__INSTRUCTIONS TO FOLLOW__. Each record that follows should be duplicated exactly, except for its pictures.

(Dataset excerpts)
* * * * *

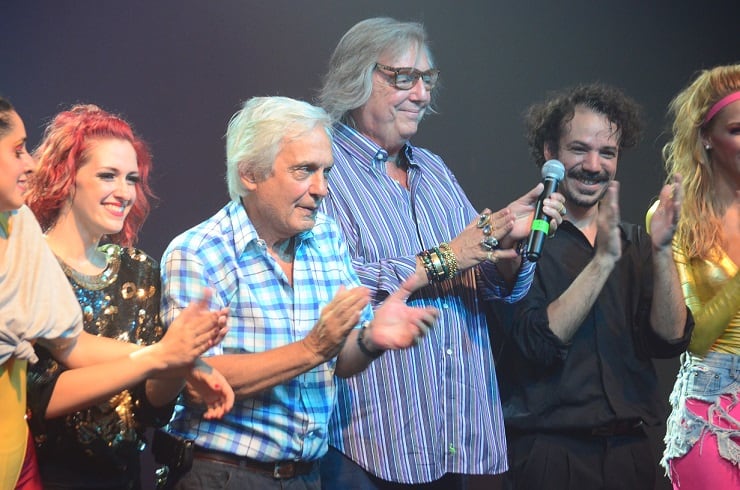 Noche de amigos famosos en la presentación de Aquí no podemos hacerlo.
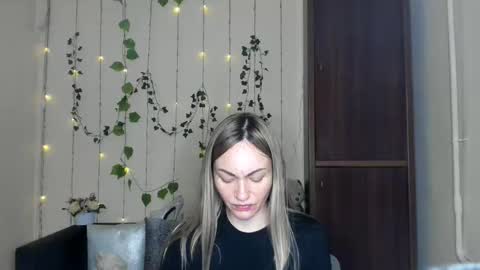 Snapshot of mikkey_mouse8 chatting on 05/08/26, 11:26 Adalina online show from 05/08/26, 11:26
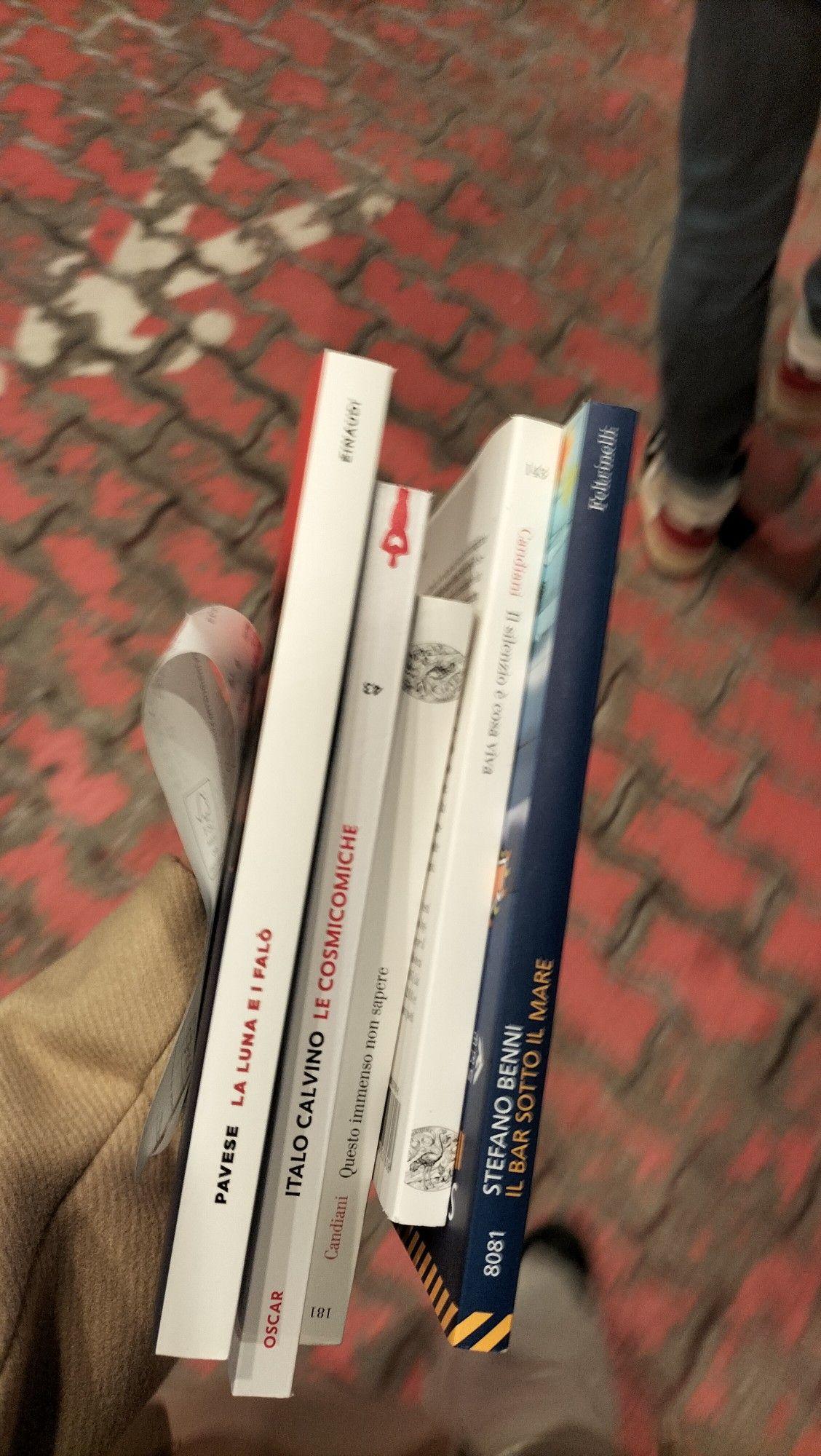 Romanzi Usati a Prezzi Convenienti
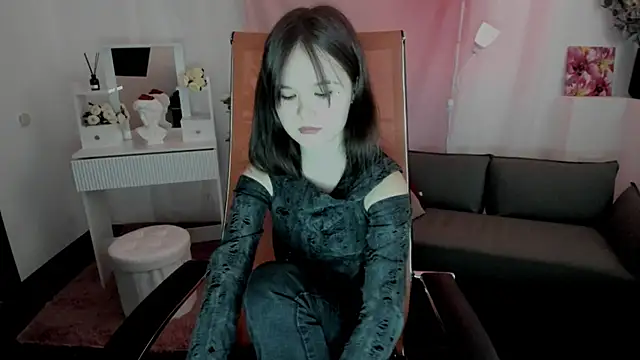 Snapshot of Elainebeness chatting on April 15, 2026, 1:12 am Elainebeness online show from April 15, 2026, 1:12 am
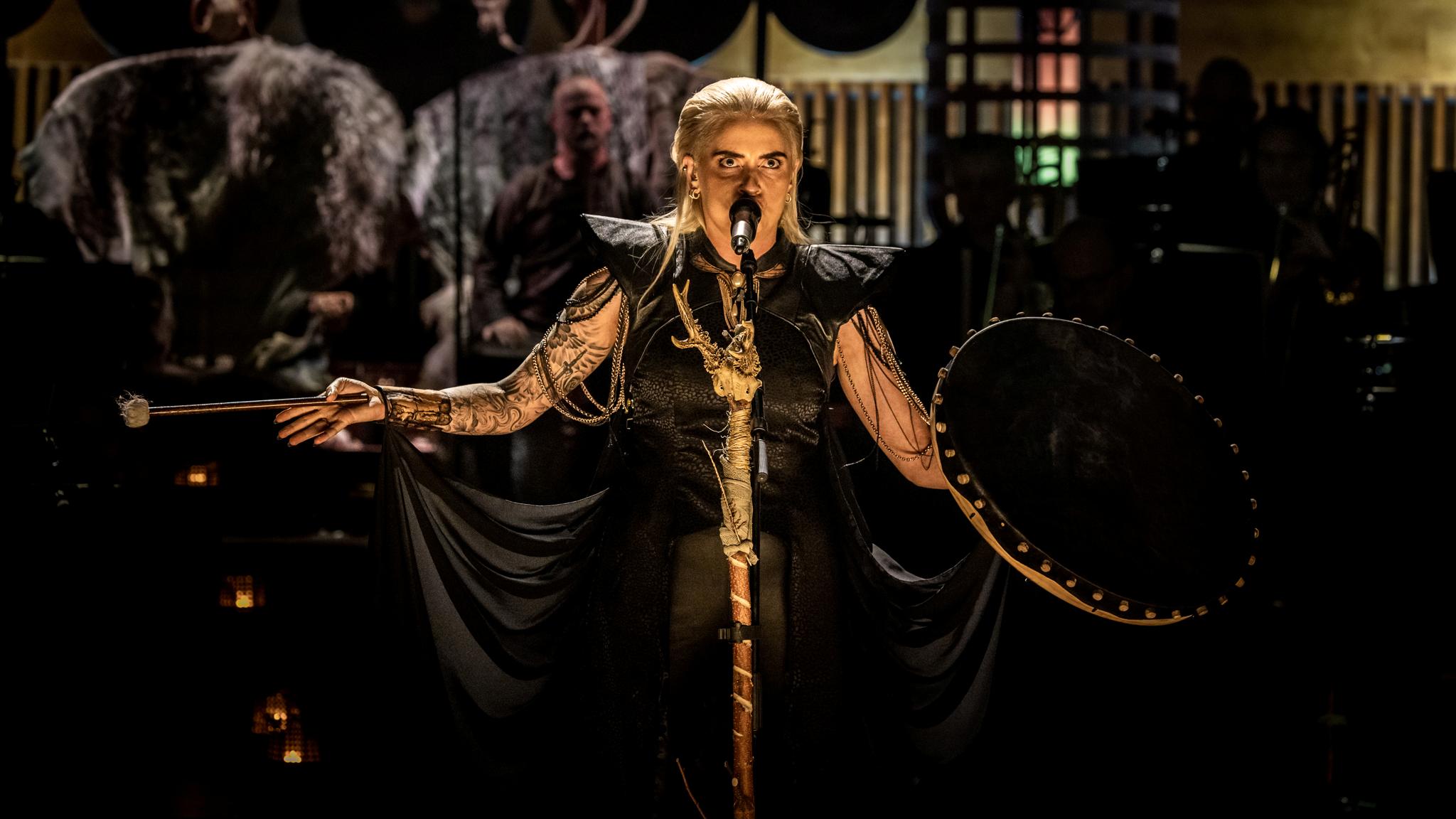 Eivør synger i Koncertsalen til koncerten Gaming X Symphony og ligner en viking. 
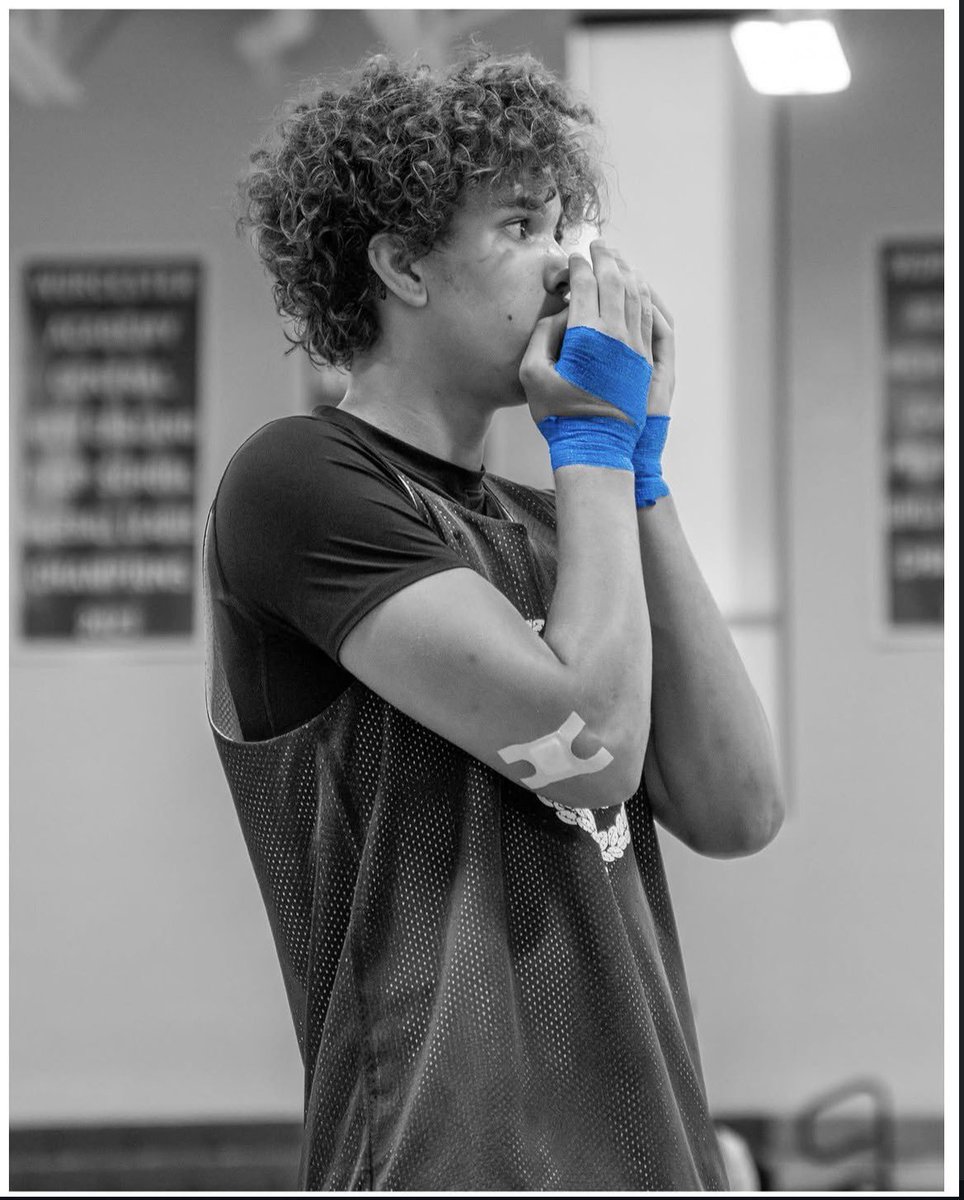 jakelieberman2's tweet photo. '27 6'7 Kai Johnson ot of Worcester Academy (MA) &amp; URBAN DFW Elite holds an offer from UMass. Garnering interest from several other programs.

Great size, verstaililty, and upside. 

Will be playing at GASO in Duncanville &amp; PUMA Bryan for next two live periods. https://t.co/OcoE0aKl5R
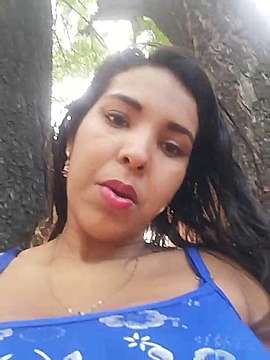 sara_muller naked stripping on cam for live sex video chat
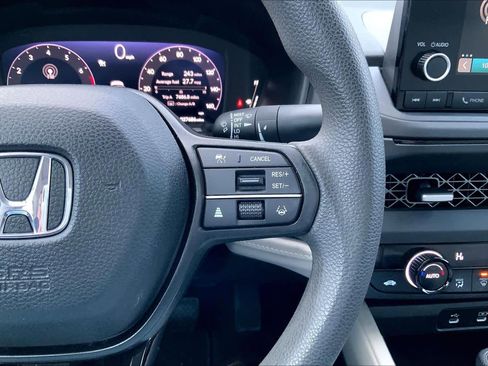 Used 2023 Honda Accord EX image 25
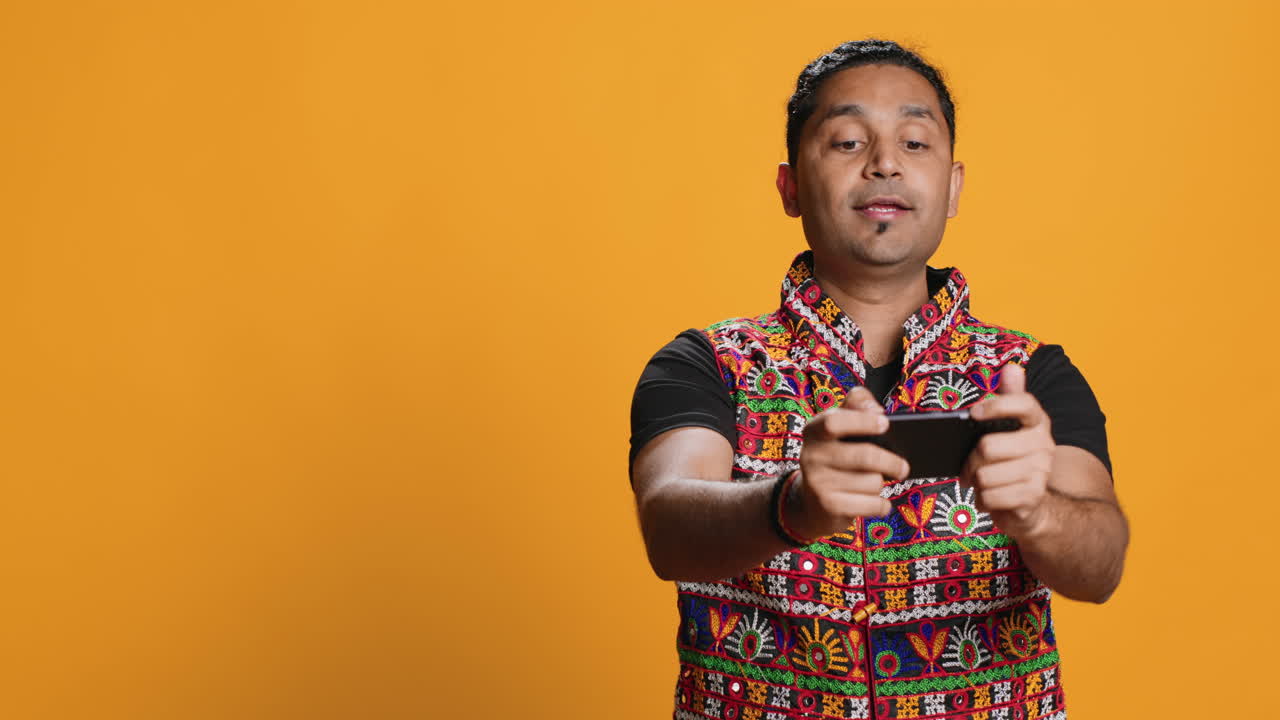 휴대전화에서 게임을 즐기는 게이머, 적을 물리치는 재미, 스튜디오 배경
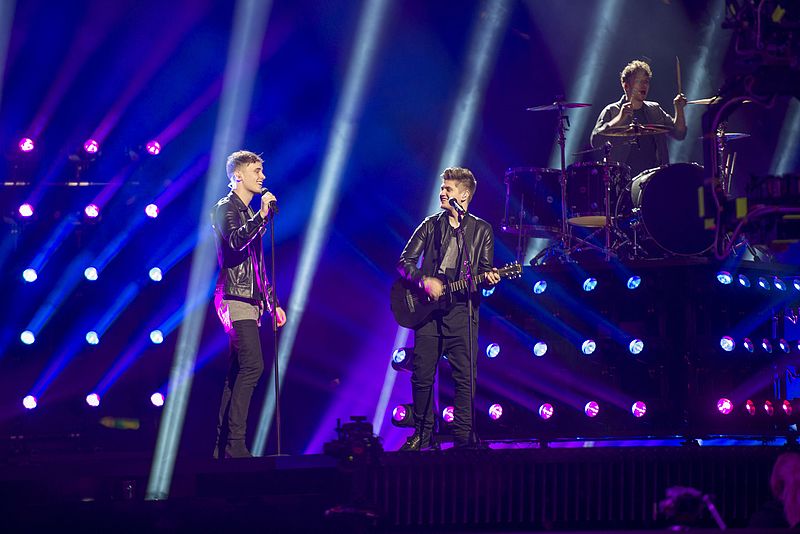 23. Großbritannien: Joe And Jake, "You're Not Alone".
 
Die Gilbert und George der Pop-Schnulze. Eine Nummer Sicher zum G...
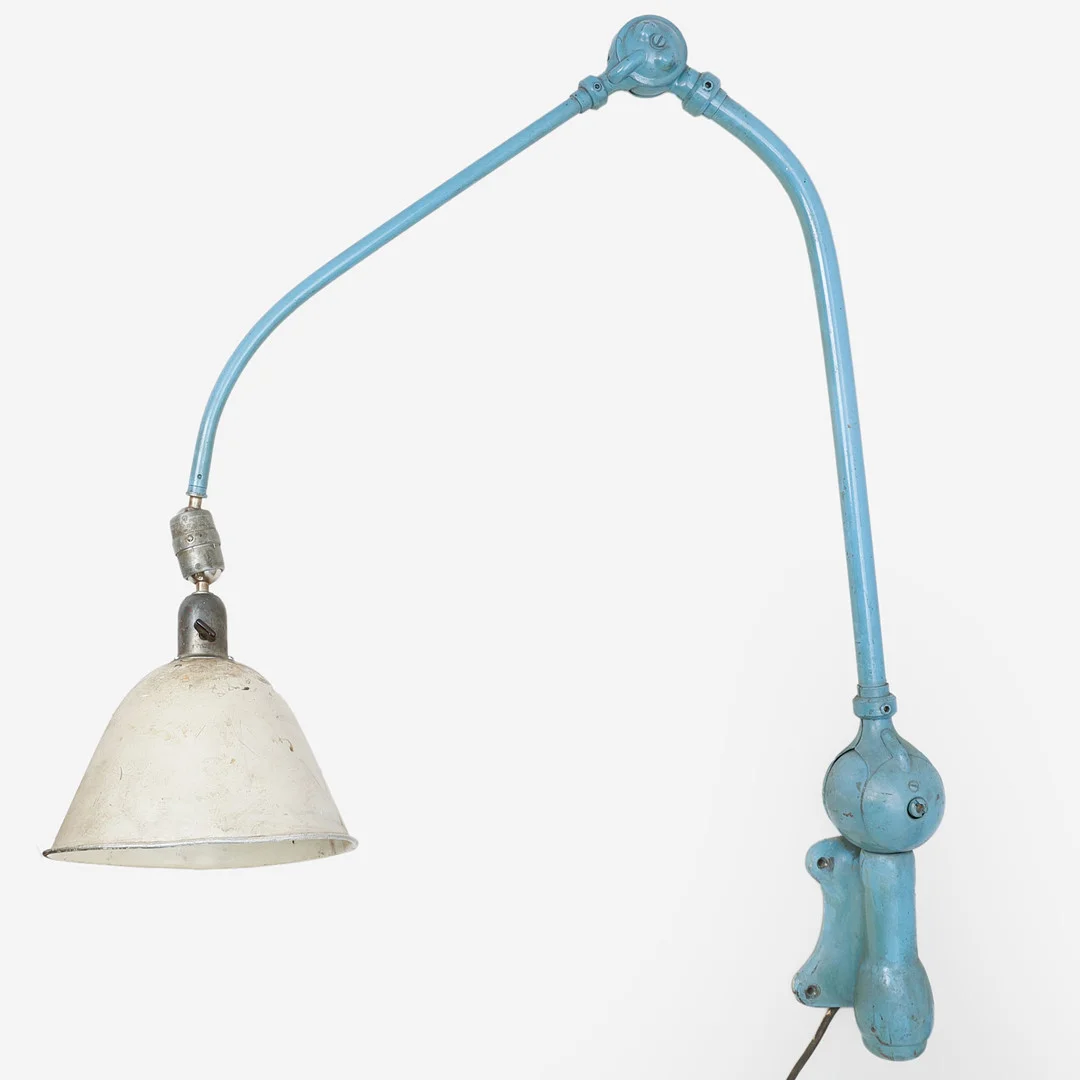 JOHAN PETTER JOHANSSON. Vägglampa, "Triplex pendel". — Wall Lights — Göteborgs Auktionsverk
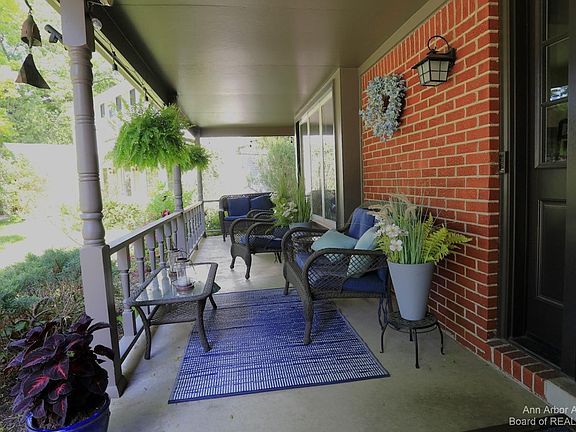 2nd image of 3480 Brentwood Ct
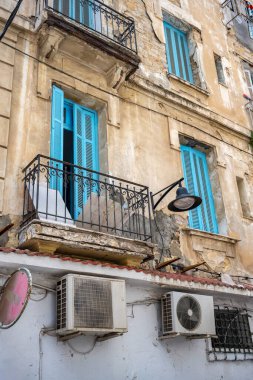 Beyaz-mavi şehir Sidi Bou Said, Tunus. Fransız tılsımlı doğu masalı. Eski tarihi bir binanın manzarası, Sidi Bou Kartaca, Tunus.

* * * * *

__ANSWER TO THIS EXERCISE__.
 Noche de amigos famosos en la presentación de Aquí no podemos hacerlo.
 Snapshot of mikkey_mouse8 chatting on 05/08/26, 11:26 Adalina online show from 05/08/26, 11:26
 Romanzi Usati a Prezzi Convenienti
 Snapshot of Elainebeness chatting on April 15, 2026, 1:12 am Elainebeness online show from April 15, 2026, 1:12 am
 Eivør synger i Koncertsalen til koncerten Gaming X Symphony og ligner en viking. 
 jakelieberman2's tweet photo. '27 6'7 Kai Johnson ot of Worcester Academy (MA) &amp; URBAN DFW Elite holds an offer from UMass. Garnering interest from several other programs.

Great size, verstaililty, and upside. 

Will be playing at GASO in Duncanville &amp; PUMA Bryan for next two live periods. https://t.co/OcoE0aKl5R
 sara_muller naked stripping on cam for live sex video chat
 Used 2023 Honda Accord EX image 25
 휴대전화에서 게임을 즐기는 게이머, 적을 물리치는 재미, 스튜디오 배경
 23. Großbritannien: Joe And Jake, "You're Not Alone".
 
Die Gilbert und George der Pop-Schnulze. Eine Nummer Sicher zum G...
 JOHAN PETTER JOHANSSON. Vägglampa, "Triplex pendel". — Wall Lights — Göteborgs Auktionsverk
 2nd image of 3480 Brentwood Ct
 Beyaz-mavi şehir Sidi Bou Said, Tunus. Fransız tılsımlı doğu masalı. Eski tarihi bir binanın manzarası, Sidi Bou Kartaca, Tunus.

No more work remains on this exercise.